O debate sobre o uso de redes sociais por crianças e adolescentes ganhou força no Congresso Nacional após a apresentação de um projeto de lei que propõe restringir o acesso de menores de 16 anos às plataformas digitais no Brasil. A proposta foi apresentada pelo deputado federal Renan Ferreirinha (PSD-RJ), relator da legislação que limitou o uso de celulares nas escolas brasileiras.
O texto prevê a proibição da criação e manutenção de contas em redes sociais consideradas de acesso aberto por crianças e adolescentes abaixo dessa faixa etária. Para jovens entre 16 e 18 anos, a proposta estabelece mecanismos de supervisão parental e vinculação das contas aos responsáveis legais.
Segundo Ferreirinha, a iniciativa busca enfrentar problemas relacionados ao uso precoce e excessivo das redes sociais, como ansiedade, depressão, cyberbullying, exposição a conteúdos violentos ou sexualizados e riscos de aliciamento virtual. O parlamentar afirmou que o ambiente digital se tornou um espaço sem controle adequado para menores de idade.

A proposta segue uma tendência internacional de regulamentação do acesso de jovens às plataformas digitais. Países como a Austrália já aprovaram medidas semelhantes, exigindo mecanismos mais rígidos de verificação de idade e controle parental.

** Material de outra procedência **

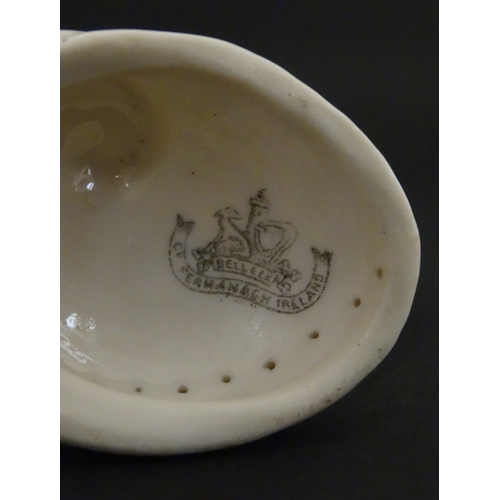 71 - A Belleek Nautilus shell spill vase. Marked with Second Period mark under. Approx. 4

O projeto altera dispositivos do chamado ECA Digital, legislação voltada à proteção de crianças e adolescentes no ambiente online. Entre as exigências previstas estão a adoção de sistemas de checagem etária pelas plataformas e medidas de segurança mais rigorosas para impedir o cadastro irregular de menores.
Especialistas em educação e saúde mental vêm debatendo os impactos do uso intenso das redes sociais entre adolescentes. Estudos citados pelos defensores da proposta apontam relação entre o excesso de exposição às plataformas e aumento de transtornos emocionais, dificuldades de concentração e isolamento social.

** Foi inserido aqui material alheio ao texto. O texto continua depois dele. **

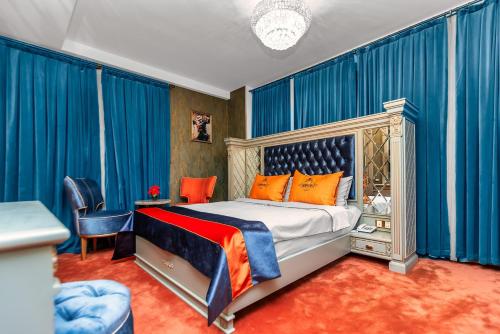 バクーにあるManor Luxury Hotel Bakuのベッドルーム(青いカーテン付きのベッド1台付)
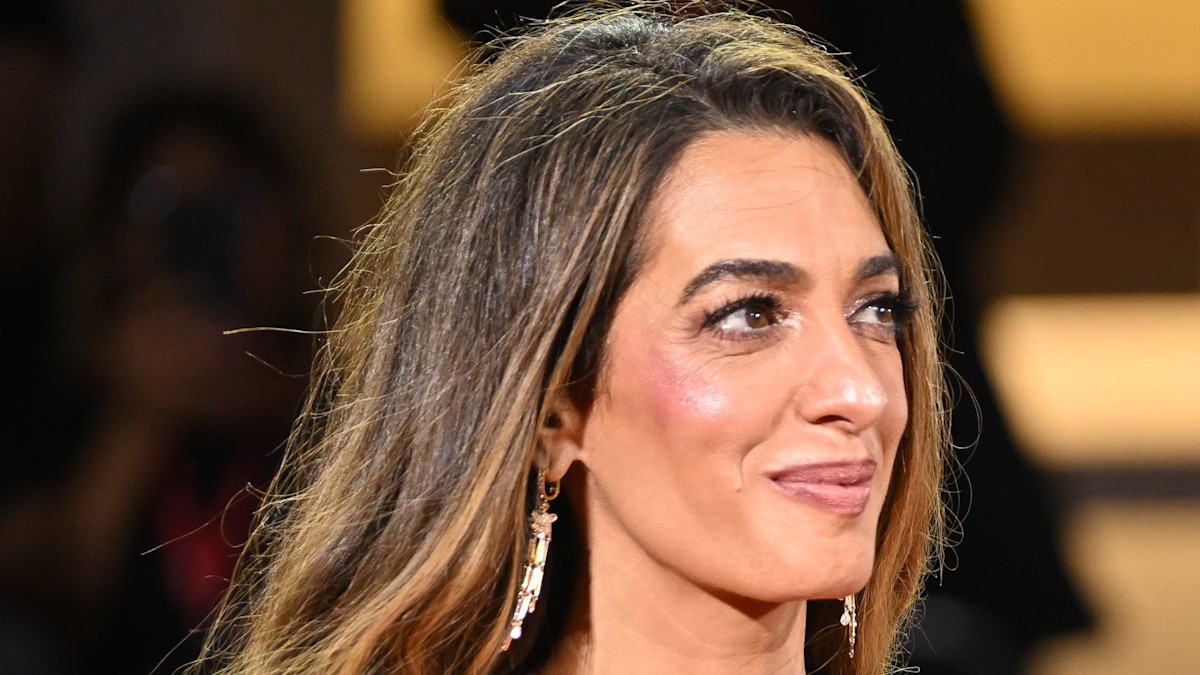 Amal Clooney flies under the radar in ‘refined’ trench with tumbling caramel locks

Nas redes sociais e fóruns online, o tema gerou reações divididas. Parte dos usuários apoia medidas mais rígidas de proteção digital para crianças e adolescentes, enquanto outros demonstram preocupação com possíveis excessos de controle e dificuldades de fiscalização.
Para que a proposta vire lei, o texto ainda precisará passar por análise das comissões da Câmara dos Deputados e do Senado Federal antes de eventual sanção presidencial.